-------- Dataset extract

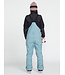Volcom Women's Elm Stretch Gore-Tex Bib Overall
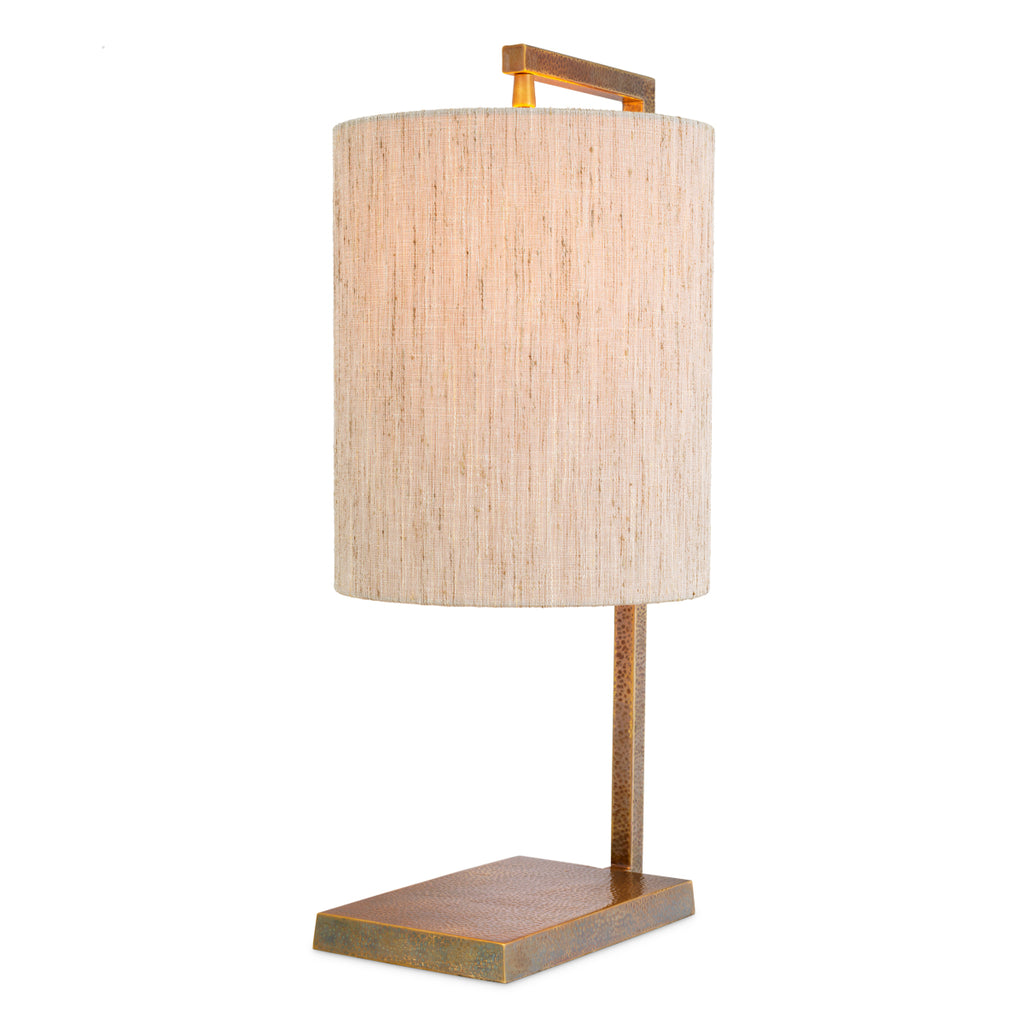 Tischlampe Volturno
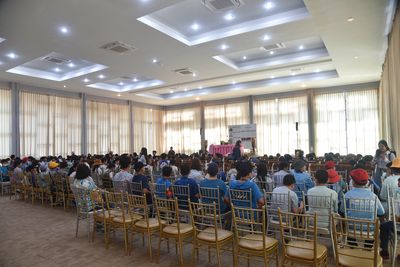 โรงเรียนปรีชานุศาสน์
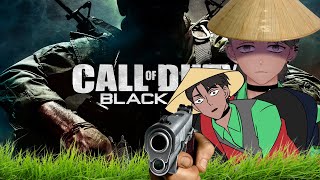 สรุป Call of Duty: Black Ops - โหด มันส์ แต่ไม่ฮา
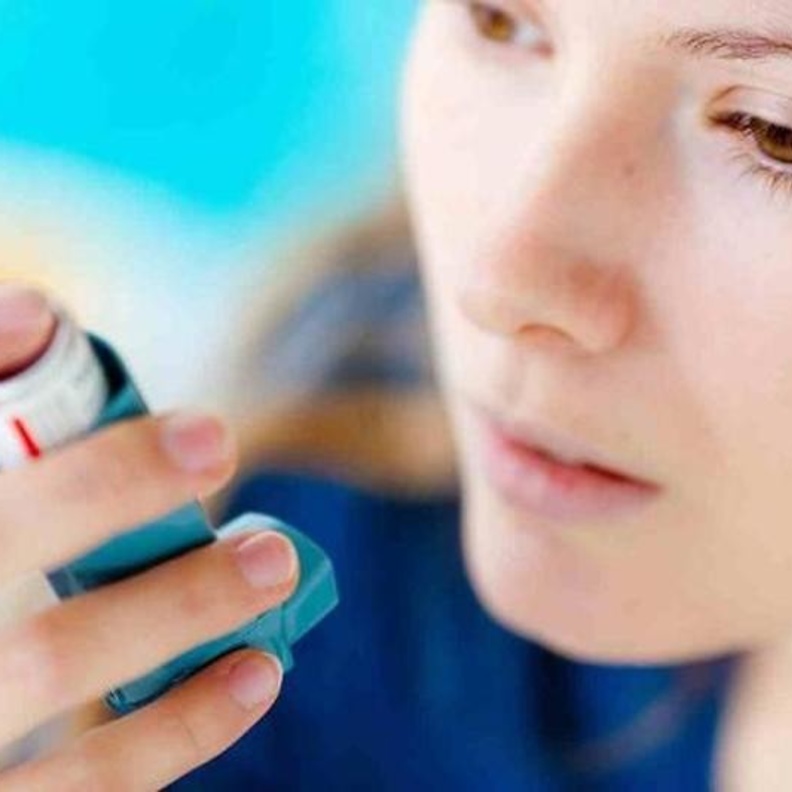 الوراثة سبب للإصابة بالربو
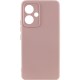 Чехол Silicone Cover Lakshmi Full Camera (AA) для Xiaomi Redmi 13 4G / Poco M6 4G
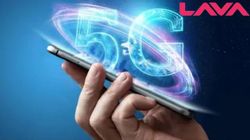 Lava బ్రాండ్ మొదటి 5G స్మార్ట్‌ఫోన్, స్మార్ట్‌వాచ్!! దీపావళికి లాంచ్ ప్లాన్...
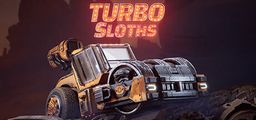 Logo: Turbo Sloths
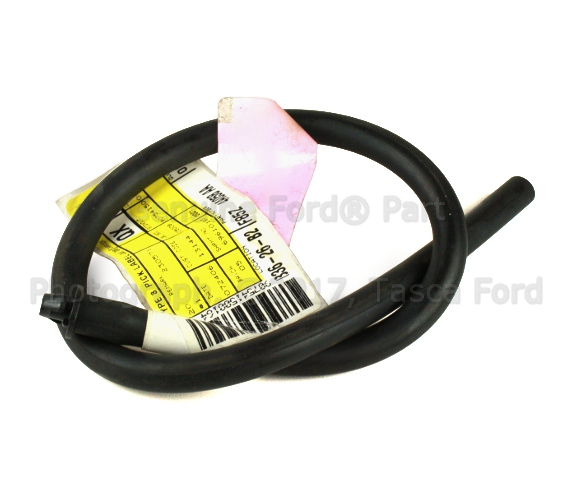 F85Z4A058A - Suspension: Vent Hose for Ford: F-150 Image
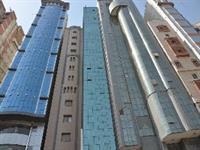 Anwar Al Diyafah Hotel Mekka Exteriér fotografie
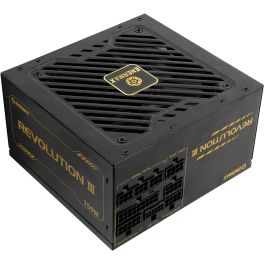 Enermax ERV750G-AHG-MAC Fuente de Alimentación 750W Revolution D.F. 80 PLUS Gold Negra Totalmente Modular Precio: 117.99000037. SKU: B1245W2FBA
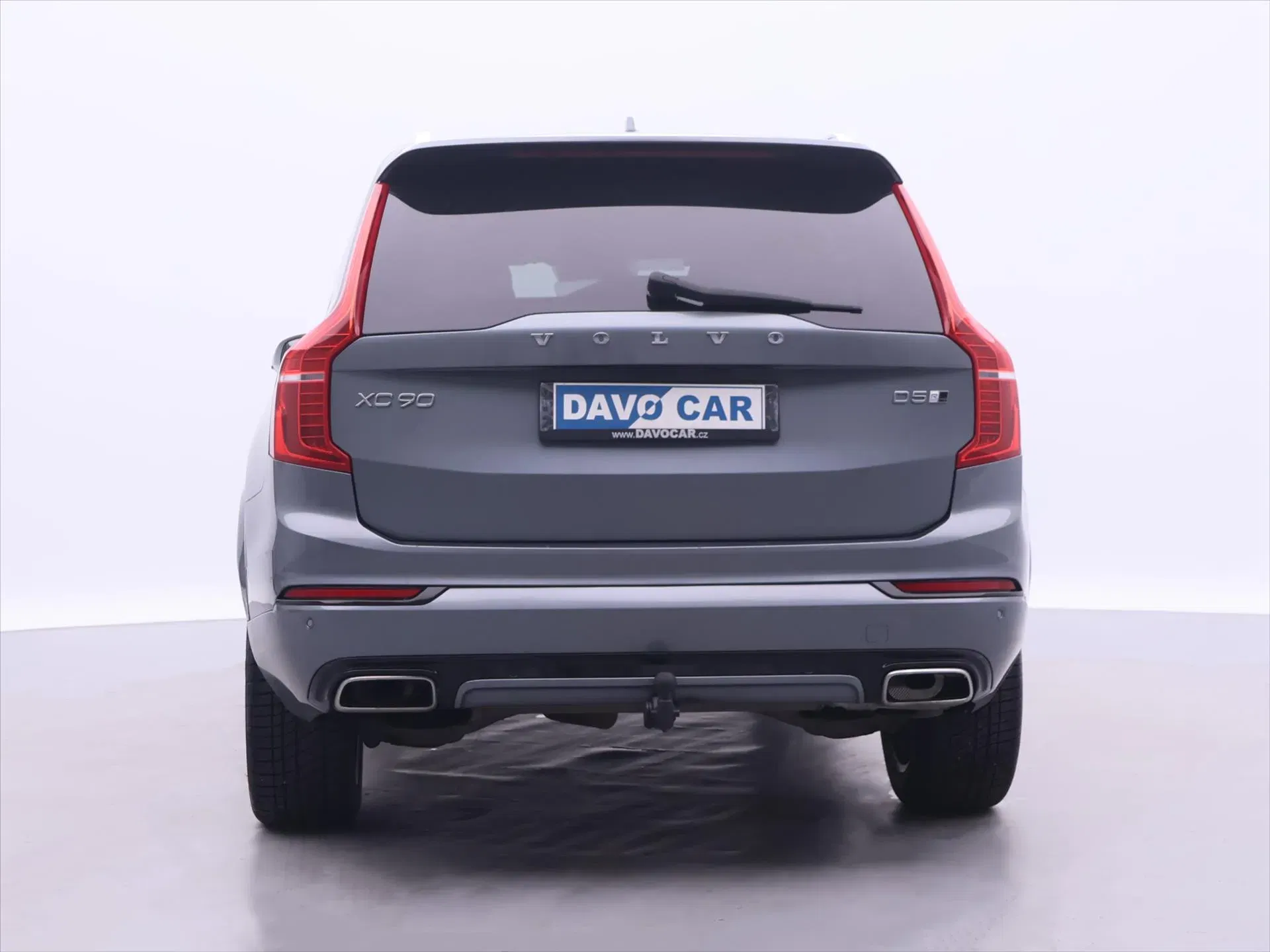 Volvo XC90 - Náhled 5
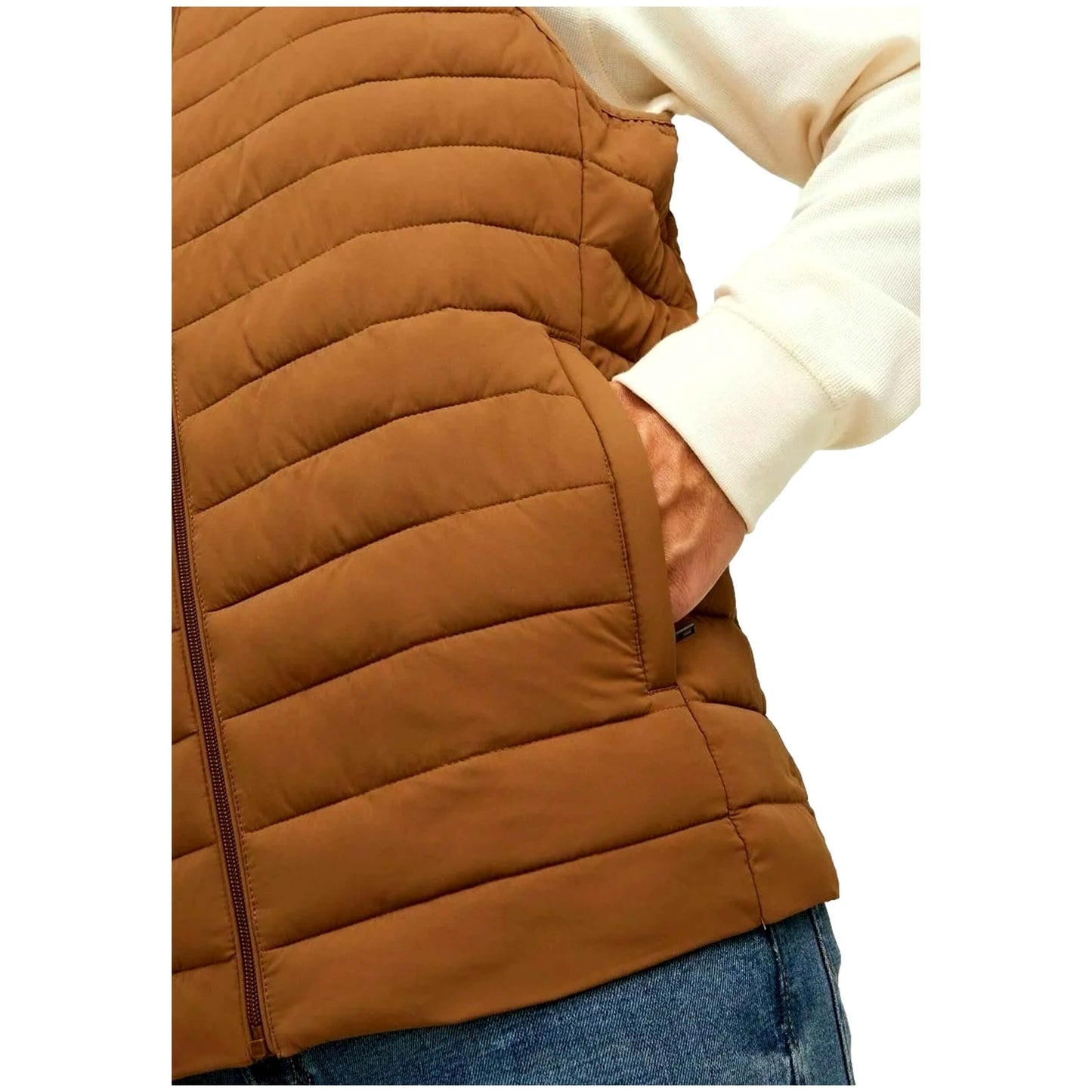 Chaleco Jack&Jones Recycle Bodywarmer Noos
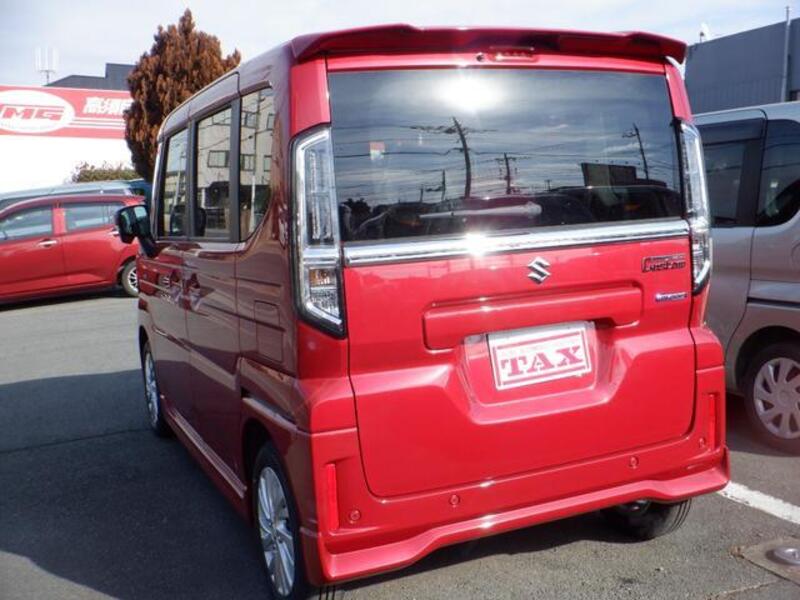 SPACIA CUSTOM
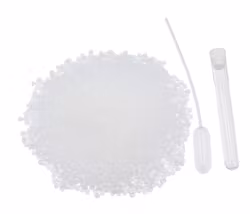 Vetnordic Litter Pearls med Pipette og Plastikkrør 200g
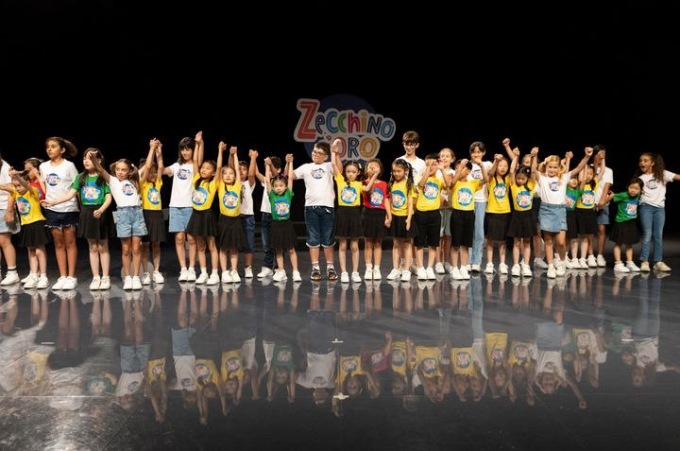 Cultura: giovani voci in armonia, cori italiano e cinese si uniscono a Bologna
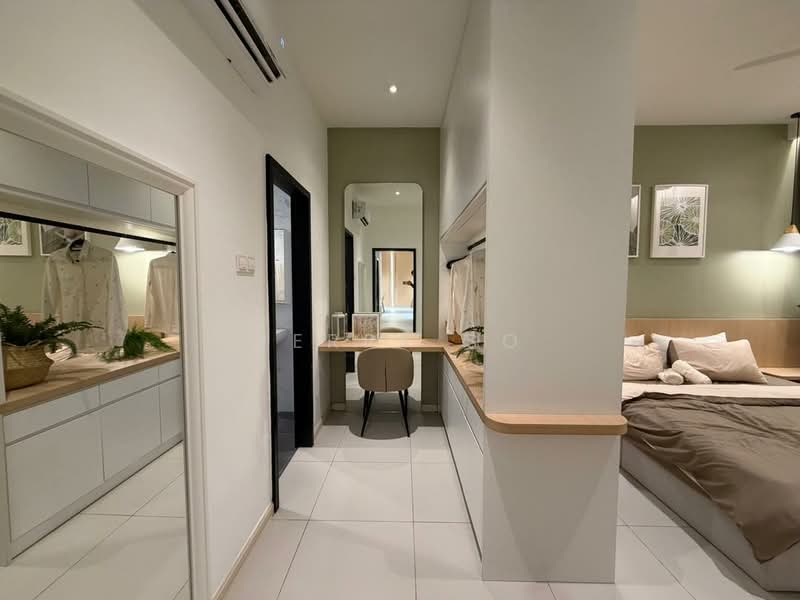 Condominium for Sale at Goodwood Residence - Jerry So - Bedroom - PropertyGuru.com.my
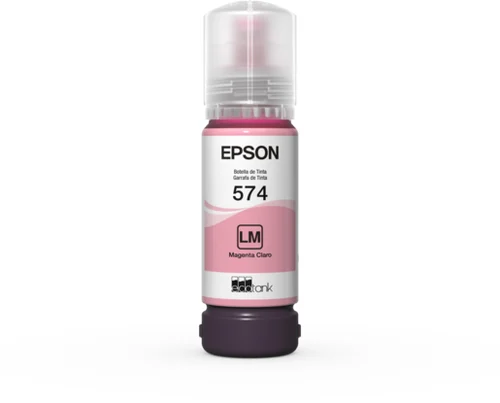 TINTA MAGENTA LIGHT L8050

----------------

§ Exercise aim
Only the lines from the one containing "Lava బ్రాండ్ మొదటి" through the end of the records are wanted, set down exactly and without their pictures.

§ Task result
 Lava బ్రాండ్ మొదటి 5G స్మార్ట్‌ఫోన్, స్మార్ట్‌వాచ్!! దీపావళికి లాంచ్ ప్లాన్...
 Logo: Turbo Sloths
 F85Z4A058A - Suspension: Vent Hose for Ford: F-150 Image
 Anwar Al Diyafah Hotel Mekka Exteriér fotografie
 Enermax ERV750G-AHG-MAC Fuente de Alimentación 750W Revolution D.F. 80 PLUS Gold Negra Totalmente Modular Precio: 117.99000037. SKU: B1245W2FBA
 Volvo XC90 - Náhled 5
 Chaleco Jack&Jones Recycle Bodywarmer Noos
 SPACIA CUSTOM
 Vetnordic Litter Pearls med Pipette og Plastikkrør 200g
 Cultura: giovani voci in armonia, cori italiano e cinese si uniscono a Bologna
 Condominium for Sale at Goodwood Residence - Jerry So - Bedroom - PropertyGuru.com.my
 TINTA MAGENTA LIGHT L8050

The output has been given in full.